**Data section:**
────

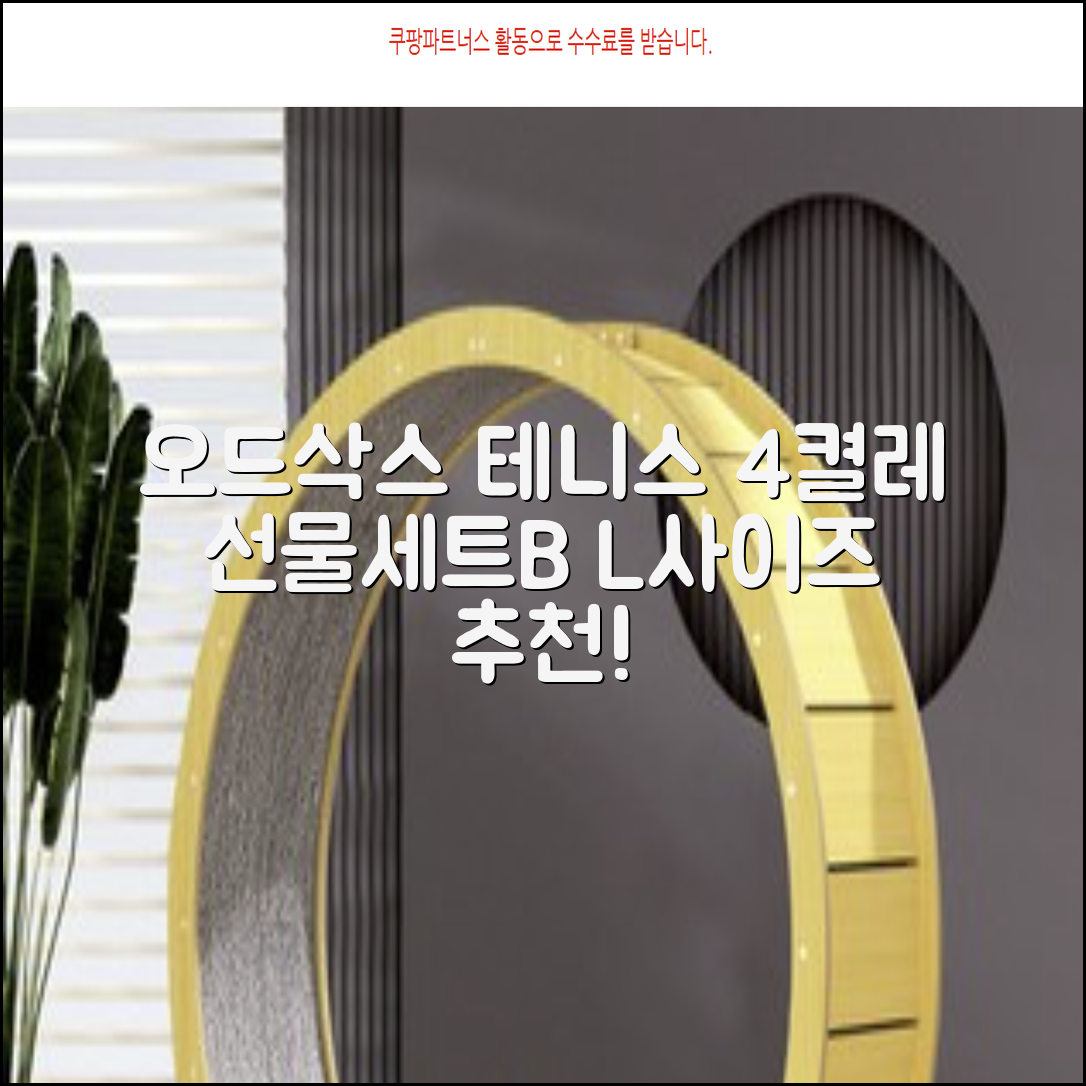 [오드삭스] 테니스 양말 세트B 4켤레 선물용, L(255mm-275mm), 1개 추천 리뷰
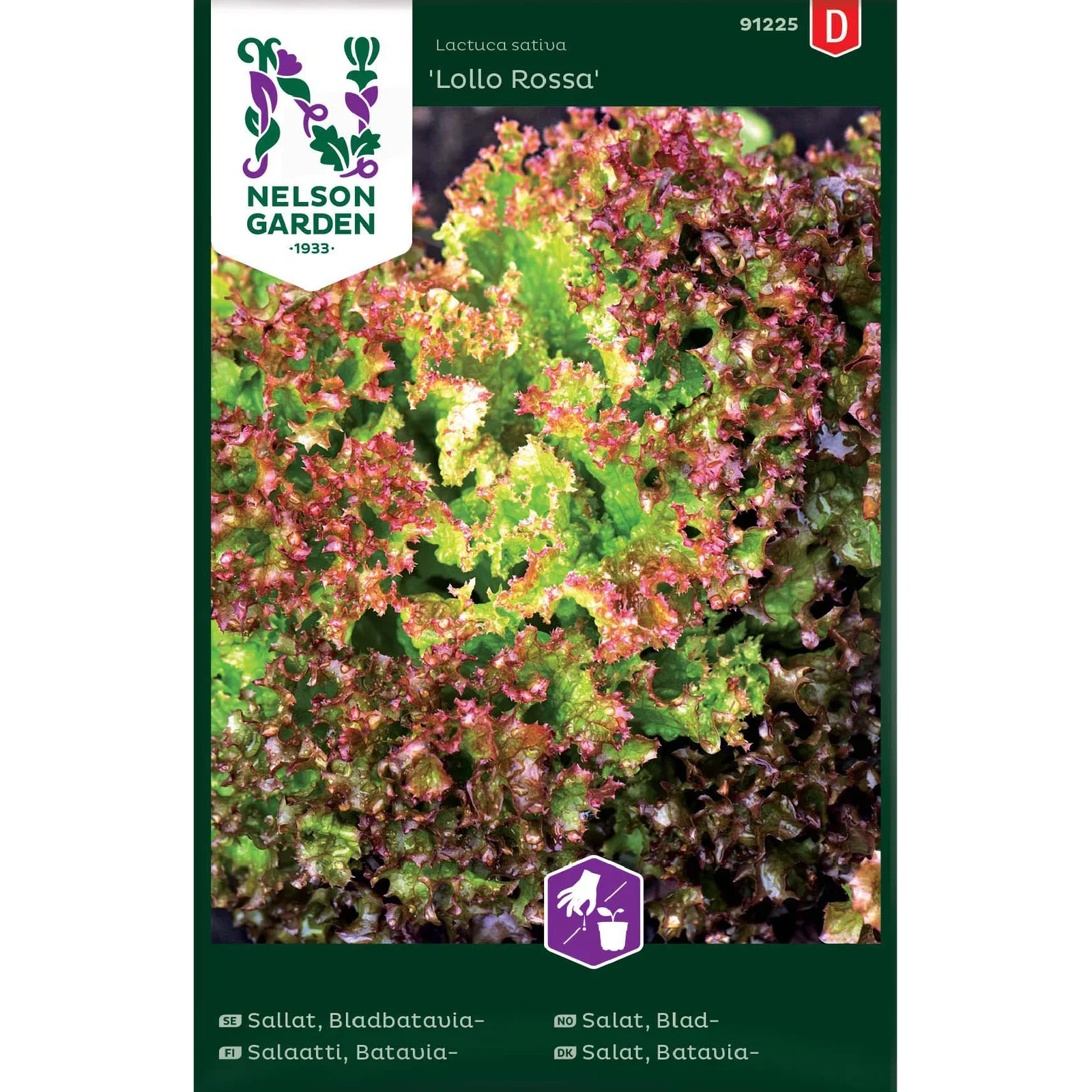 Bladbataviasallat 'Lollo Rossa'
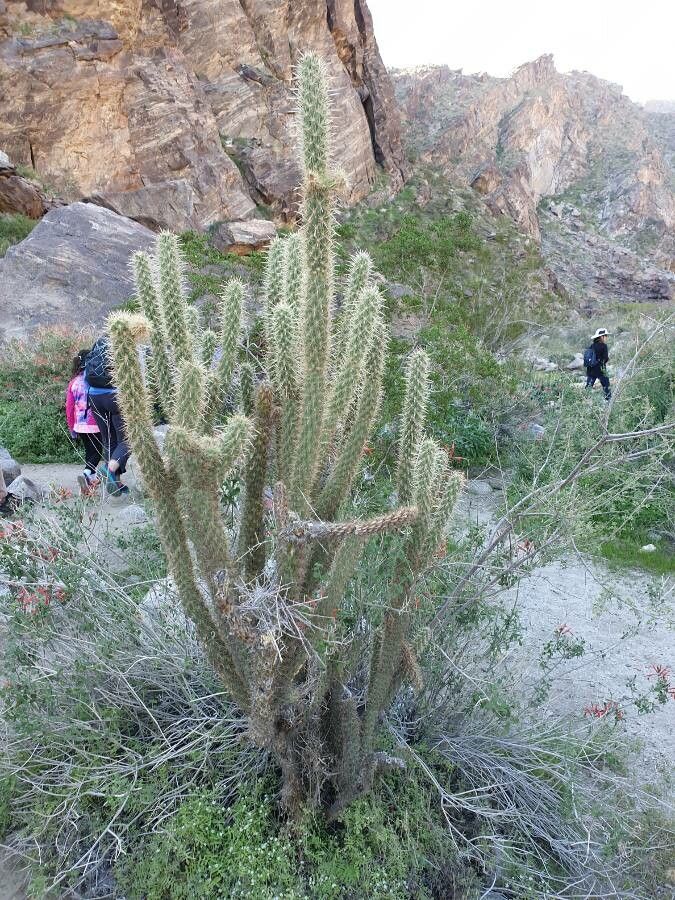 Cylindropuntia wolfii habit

────

**Task brief:** Your output must reproduce the material above in full, with no pictures.

**Output of the task:**
 [오드삭스] 테니스 양말 세트B 4켤레 선물용, L(255mm-275mm), 1개 추천 리뷰
 Bladbataviasallat 'Lollo Rossa'
 Cylindropuntia wolfii habit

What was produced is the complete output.